Le Retour du Bâtard

Publié le par Fred

couverture l'assassin du roiL'Assassin du roi est le deuxième tome de la série l'Assasin Royal (les titres deviennent plus imaginatifs avec le temps, promis). Écrit par Robin Hobb c'est un petit bijou de fantasy qui prend ici une ampleur considérable. Ma critique du premier tome est ici. Attention la présente critique contient des spoilers sur le premier tome.

En bref : la première mission de Fitz est passé près de la catastrophe. Manipulé par Royal il a été envoyé au casse-pipe tuer le prince du royaume des montagnes mais a réussi de peu à en sortir vivant. Brûlant d'une haine toute fraîche pour son oncle, Fitz reviens dans les Six-Duchés servir son roi... et ourdir sa revanche. Mais comment faire quand on a juré fidélité au fils d'un homme qui souhaite votre mort ? Concilier son devoir avec sa vie privée deviens de plus en plus difficile pour Fitz, particulièrement vis-à-vis de Molly dont il est amoureux mais à qui il n'ose avouer la vérité.
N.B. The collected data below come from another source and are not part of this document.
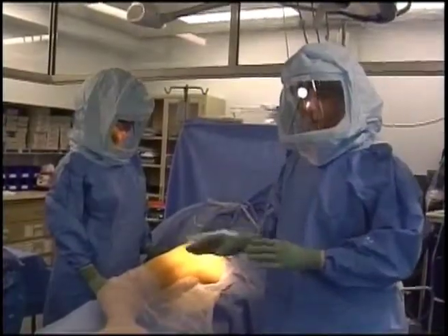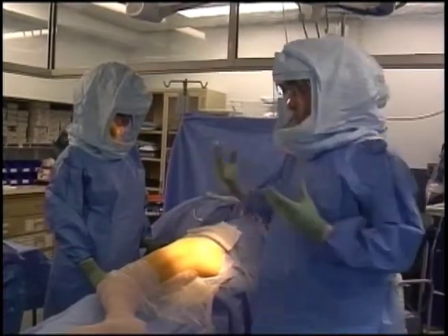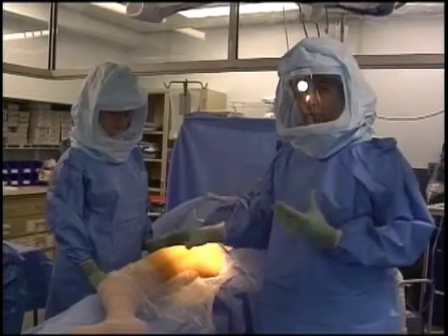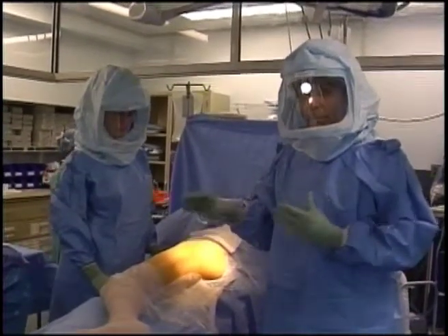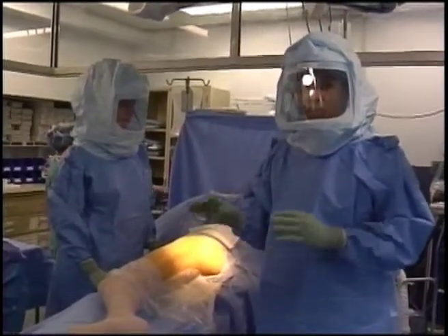We've sterilely prepared the patient's leg with an iodine and alcohol solution and sterilely draped the patient. The reason we're wearing gowns that look like astronaut suits is infection protection — keeping us as far separated from the patient as possible. Much of what you see today is aimed not only at performing a precise hip replacement but also at preventing complications such as infection.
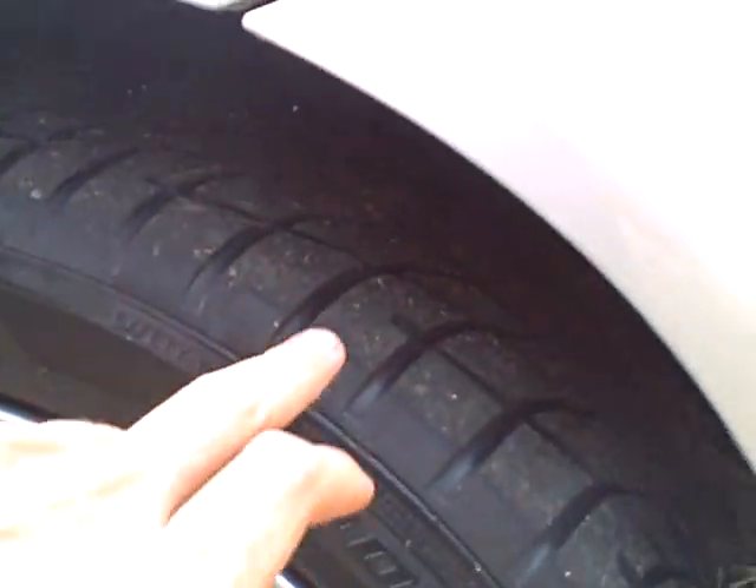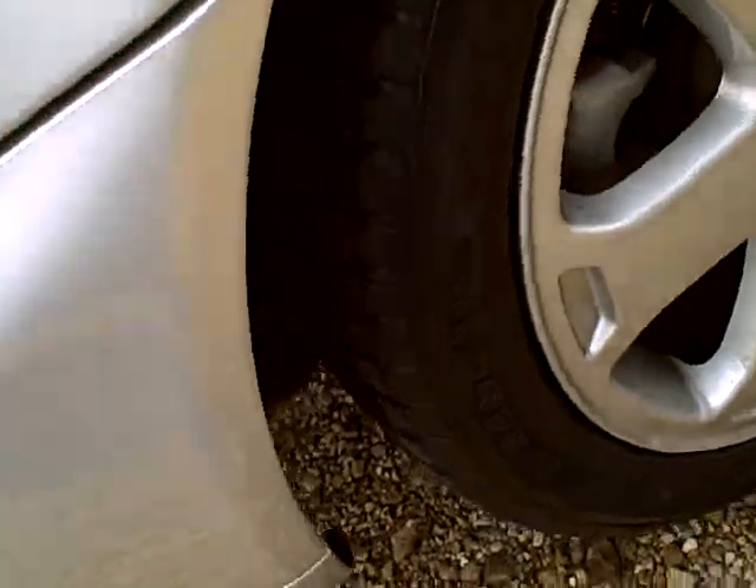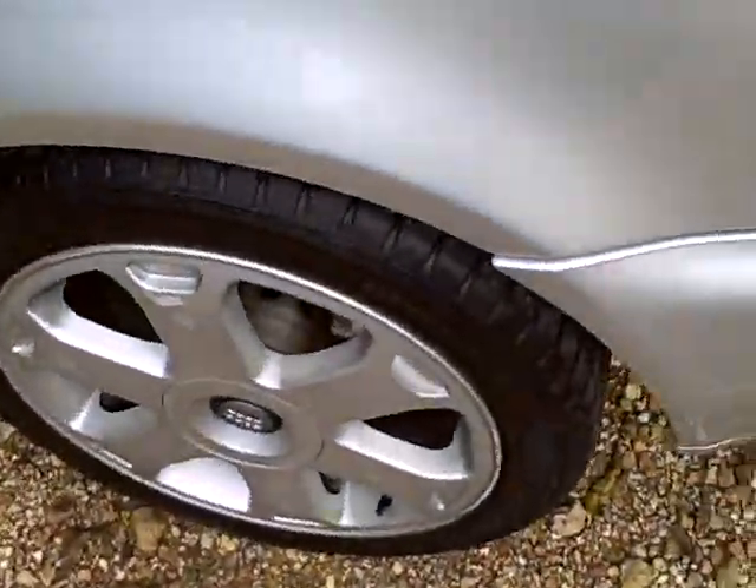They're brand new, less than 1,000 miles on them. All four tires are exactly the same — brand spanking new. They still have little tips on them, but all tires are in good shape.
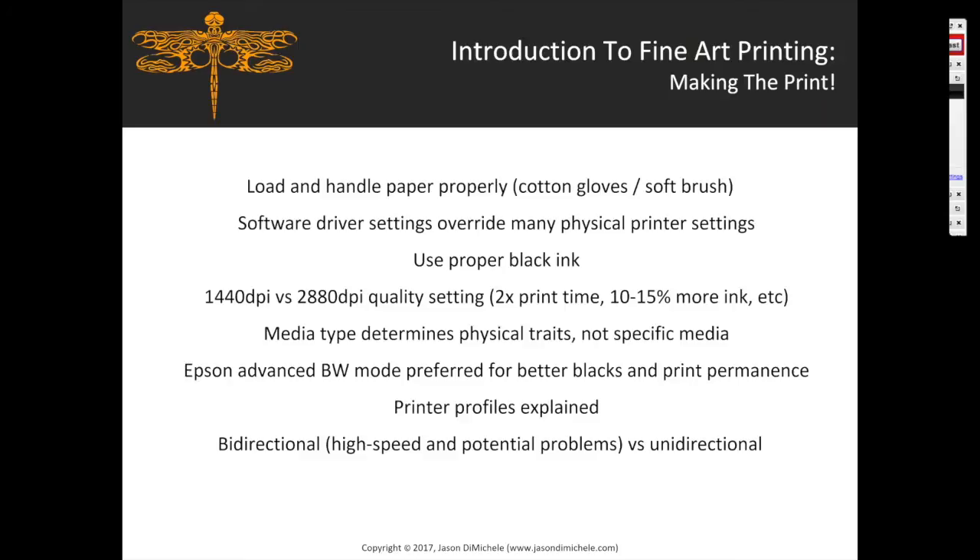Bidirectional versus unidirectional printing: the high speed setting prints in both directions but can cause banding or ink smudging depending on your media, ink, and printer. Bidirectional is quicker but may have quality issues. Regarding cartridges — print until the cartridge runs out; modern printers are so good you can switch a cartridge mid-print and it will stop, you change the ink, and then continue.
Pour compliquer les choses, les assauts des Pirates Rouges n'ont jamais été aussi intenses, laissant derrière eux des villages entiers de forgisés, ces humains réduits à l'état de bêtes sauvages. L'heure est venu pour l'enfant bâtard de devenir un homme et de s'imposer comme un allié fidèle et non plus un simple outil.

Ce deuxième tome de l'Assassin Royal marque une tournure nette dans la vie de Fitz. Il a goûté au respect et à l'amitié dans le royaume des montagne ; avec les épreuves qu'il y a vécues cela a contribué à le faire grandir d'un coup. Fini le garçon de chenil discret, désormais Fitz aspire à d'avantage d'importance et il à tendance à se comporter comme un prince de temps en temps (avant de se reprendre).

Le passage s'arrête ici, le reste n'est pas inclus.